Nope leos can get out of them... tried and tested by myself!


----------



## Amyboo (Nov 11, 2007)

lol i been looking at them at my local wilki's!

well leo hatchlings wouldnt be able to get out would they? 

what if you just made them extra safe?

to shane_DS would you be putting adults or hatchlings in there?


----------



## leo-bob (Jul 1, 2007)

without modifications we have had leos aged 16 weeks escape. Anything over that age and its just too easy for them to get over the lips at the sides and back of the tubs.

We use them for anything up to 8 weeks now.

Im not sure how one could modify them to stop escapes, one idea could be plexiglass lids to each tub?
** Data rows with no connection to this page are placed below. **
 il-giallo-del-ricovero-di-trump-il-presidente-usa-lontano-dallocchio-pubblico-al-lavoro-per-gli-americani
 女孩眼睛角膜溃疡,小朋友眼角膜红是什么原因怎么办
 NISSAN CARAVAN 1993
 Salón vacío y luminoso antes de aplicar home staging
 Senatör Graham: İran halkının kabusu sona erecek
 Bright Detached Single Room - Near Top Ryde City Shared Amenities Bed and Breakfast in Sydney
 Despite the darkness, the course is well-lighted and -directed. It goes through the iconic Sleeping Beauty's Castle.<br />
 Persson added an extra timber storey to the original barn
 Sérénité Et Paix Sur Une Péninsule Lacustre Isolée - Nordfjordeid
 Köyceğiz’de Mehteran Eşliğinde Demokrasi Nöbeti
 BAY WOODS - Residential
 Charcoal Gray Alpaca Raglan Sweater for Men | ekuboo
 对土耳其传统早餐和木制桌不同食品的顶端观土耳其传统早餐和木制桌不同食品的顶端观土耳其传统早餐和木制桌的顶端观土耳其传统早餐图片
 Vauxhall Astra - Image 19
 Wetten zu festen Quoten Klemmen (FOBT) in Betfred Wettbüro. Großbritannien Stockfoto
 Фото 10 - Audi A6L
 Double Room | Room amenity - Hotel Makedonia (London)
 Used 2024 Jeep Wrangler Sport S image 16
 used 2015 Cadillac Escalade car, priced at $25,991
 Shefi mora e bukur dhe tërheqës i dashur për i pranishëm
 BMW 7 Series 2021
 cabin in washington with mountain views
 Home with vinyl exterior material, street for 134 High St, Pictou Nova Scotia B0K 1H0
Dunno really, if you want it to house babies until you sell them there a good idea. As permanent housing not really suitable.


----------



## sam12345 (Dec 28, 2007)

Even with hatchlings they are not safe! 
You have to provide hides in order for the leo to have a healthy mental well being. And even toilet roll tubes allow them enough height to grab on to the lips!


----------



## katelikesfun (Sep 19, 2007)

I would have said they were ok for hatchlings, while waiting to grow them on or selling. but yes any objects could be climbed on and they could them get to the top. Make sure the hides are in the middle. I have my small mice in something like that and if I put the water bowl and food bowl in the middle they can't get out!! lol


----------



## Lisasgeckonursery (Feb 14, 2008)

try the bigger size, i've used that and the walls are higher and more floor space. http://www.wilkinsonplus.com/invt/0188879


----------



## repkid (Nov 30, 2007)

I think they are smaller than you expect.


----------



## sam12345 (Dec 28, 2007)

Theres nothing wrong with the size... infact you could really keep adults in them if you really wanted.
Its just they are NOT designed for leos that love to explore and climb.

For anyone looking to get these for breeding i would not advise it...
I have tried these with hatchlings adults and subadults and everything but the subadult got out!


----------



## Lisasgeckonursery (Feb 14, 2008)

mine must have been lazy :lol2:


----------



## shane_DS (Sep 6, 2008)

so does anyone know a breeding rack he for lees than 20 to house gecko's


----------



## shane_DS (Sep 6, 2008)

Buy 5 Drawer Slim Tower White. at Argos.co.uk - Your Online Shop for .




or would this work


----------



## sam12345 (Dec 28, 2007)

No probably not, their not designed to house reptiles.
If youve got a limit of £20 for housing then maybe you should rethink breeding.


----------



## Lisasgeckonursery (Feb 14, 2008)

the cheapest option may be a bookshelf or similar from ebay and rubs.


----------



## leopardgeckocrazy (Oct 22, 2008)

I think they could escape, yeah they could


----------



## chondro13 (Aug 18, 2008)

am i just being blonde or is it the mantid keeping coming out in me..

why not get some netting and secure this on top of the containers with elastic??? 

(imagine it like a plastic cup with some net on top with an elastic band around it..)

that would surely keep any babies in while allowing adequate ventilation.


----------



## leopardgeckomad (Feb 2, 2008)

u can get some metal shelving stacks and put some lidded RUB;s with heatmatsand put them on the stavks


----------



## Ellis (Jul 27, 2008)

chondro13 said:


> am i just being blonde or is it the mantid keeping coming out in me..
> 
> why not get some netting and secure this on top of the containers with elastic???
> 
> ...


makes sense to me... or if it needs to be more humid then why not make a lid and drill air holes?


----------